NSW Premier vows to rewrite laws to make CCTV legal

SHOALHAVEN City Council will most likely wait for the state government to show its hand before appealing the decision that forced the shutdown Nowra’s CCTV cameras.

Council was ordered by the Administrative Decisions Tribunal to turn off its 18 cameras in the Nowra CBD.

In a decision handed down on Thursday afternoon the tribunal ordered council to refrain from any conduct or action in contravention of an information protection principle or a privacy code of practice.

Council was ordered to apologise in writing to the man who brought the action, Adam Bonner, for its breaches and advise him of steps to be taken to remove the possibility of similar breaches in the future.

The decision was handed down in Privacy Awareness Week.

All up, 129 reasons were given by the tribunal for the decision including that expert evidence suggests that CCTV did little to prevent crime. 

It said the data available for the Nowra CBD supported Mr Bonner’s argument that council had not demonstrated filming people in the Nowra CBD was reasonably necessary to prevent crime. 

“In fact, available data suggests that since the council’s CCTV program was implemented crime has increased in the Nowra CBD in the categories of assaults, break and enters and malicious damage,” the tribunal finding said.

Mr Bonner said the judgment in section 11 regarding the collection of people’s individual personal information was a major victory.

“It puts both this council and others on notice regarding the collection of people’s personal information if the collection is excessive or inaccurate.

“It said council violated this section and that sets a precedent.

“For many years, even before I started this whole action back in 2009, I had always believed in a free and fair society that a person should have to consent to have their personal information be collected and stored by the state.

“They should be able to walk the street without having their personal information collected.
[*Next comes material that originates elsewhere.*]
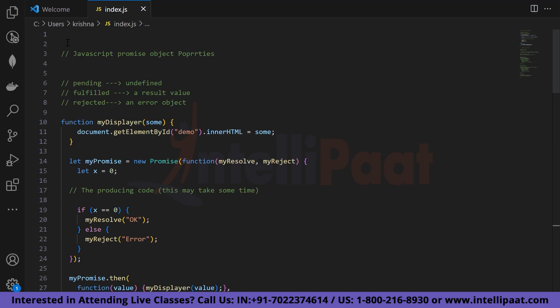The promise object supports two properties: state and result. When the promise object is pending, the result is undefined. When it is fulfilled, the result is a value. When it is rejected, the result is an error object. You cannot directly access the promise's state and result properties — you must use a promise method such as dot-then to handle the promise.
People should be allowed to have their anonymity.”

He said council had been told time and again that the images being produced by the Junction Street cameras were inadequate, something that was also mentioned in the judgment.

“The information they are collecting is terrible, blurry, you can’t make out faces, yet council maintained they were being used as crime prevention tools,” he said.

“The judgment also stated that crime in the area has actually increased since the cameras were installed.

“Council was determined to fight the case and waste ratepayers’ money on the suggestion the cameras were for crime prevention.

“Council has spent [thousands of dollars] to fight me using a very expensive legal team from Sydney when they didn’t need to do that.

“This could have all been resolved long ago and why didn’t they use their own in-house legal team?”

Mr Bonner said he had heard talk of a possible appeal.

“If council wants to take that tactic, two can play at that game, there are other matters we were not successful with in this case that we could challenge,” he said.

“It would be a waste of further tens of thousands of dollars,” he said.

“Hopefully council learns from this experience.

“It also sends a message to councils and all the people out there in NSW in general regarding the excessive amount of information that is collected on them by the state.

“People have rights to protection under the privacy Act.”

Mr Bonner said the apology letter council also has to write should not be to him but to the local ratepayers for wasting their money.

“It shouldn’t come from this council or its staff, it should come from the previous mayor and deputy mayor who are now in state government who should be held accountable for pushing this through,” he said.

“They forced this upon the Shoalhaven even though it was very clear the technology they were going to use was woefully inadequate.”

Shoalhaven City Council installed 18 CCTV cameras in the Nowra CBD in 2010 with $150,000 in federal funding. The cameras record images and those images are retained on a computer hard drive at Nowra Police Station.

Council to wait for state decision

Shoalhaven City Council Mayor, councillor Joanna Gash said the issue of an appeal would be discussed in council today.

“I understand Barry O’Farrell has said it [the legislation] is going to be changed.

“I also believe that on Tuesday Member for Kiama Gareth Ward might be presenting a private member’s bill to parliament on the issue.

 “I think we will probably hold off on appealing the decision and spending more money. I think we will wait and see what the state government does.

Cr Gash said she thinks changes being made at state level were imminent.